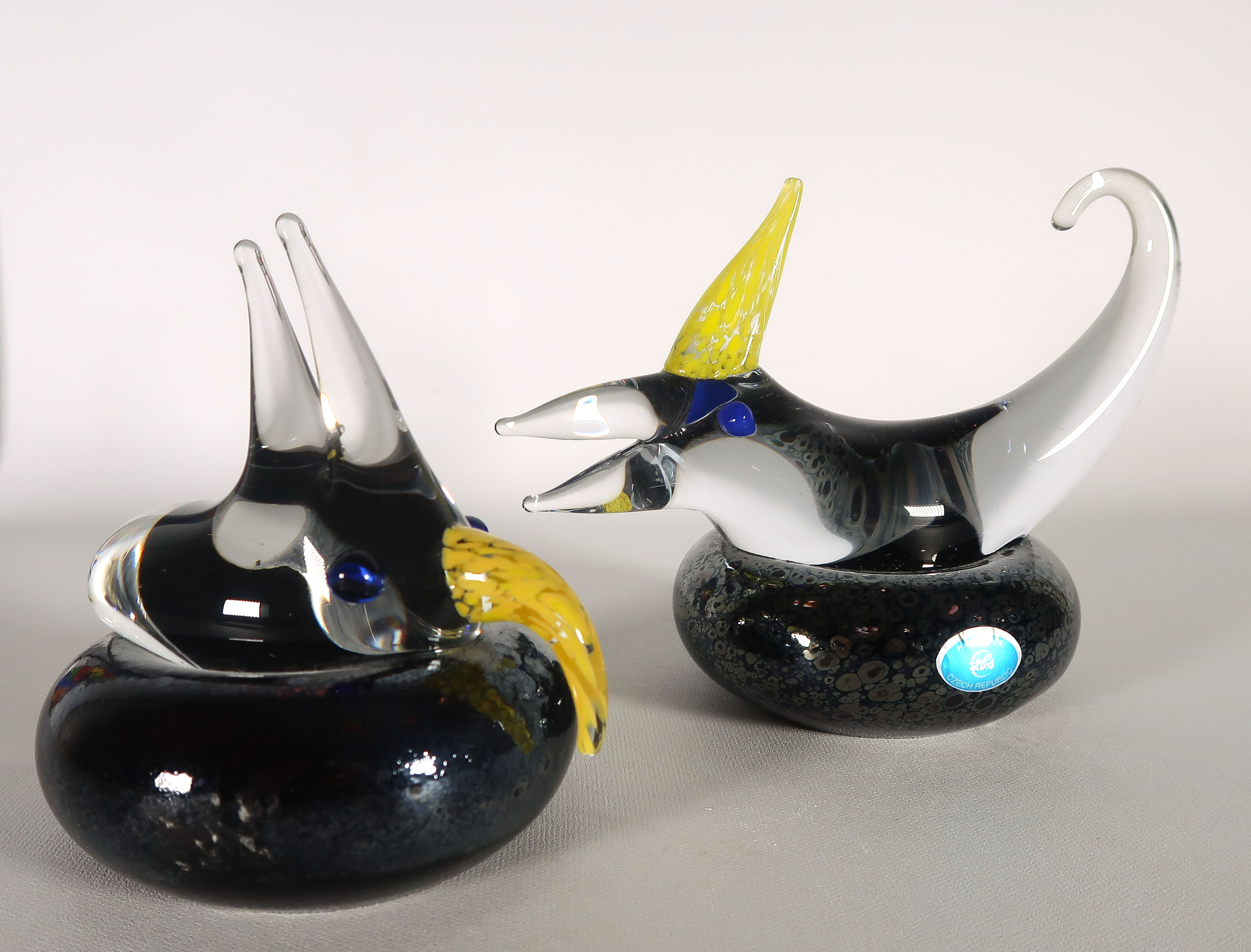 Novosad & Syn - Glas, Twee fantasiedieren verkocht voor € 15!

--

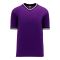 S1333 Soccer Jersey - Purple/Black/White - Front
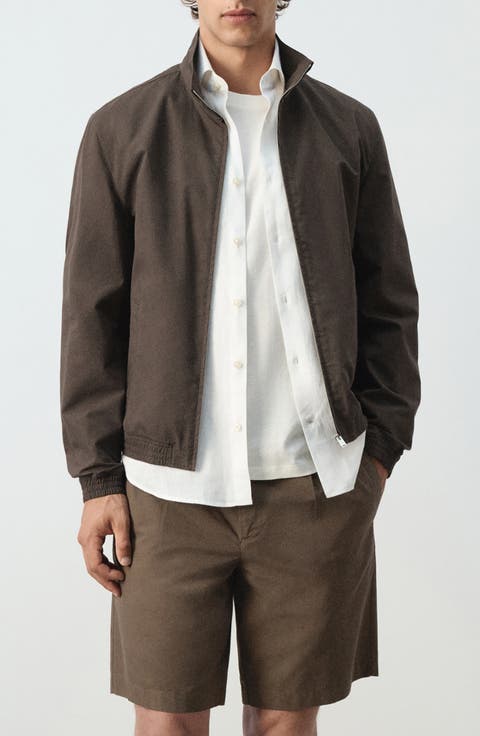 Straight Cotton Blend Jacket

== Aim of the exercise ==
In the listing above, find the line containing "S1333 Soccer Jersey" and the line containing "Straight Cotton Blend Jacket", then output those two lines and everything between them exactly as written, without the images.

== Answer ==
 S1333 Soccer Jersey - Purple/Black/White - Front
 Straight Cotton Blend Jacket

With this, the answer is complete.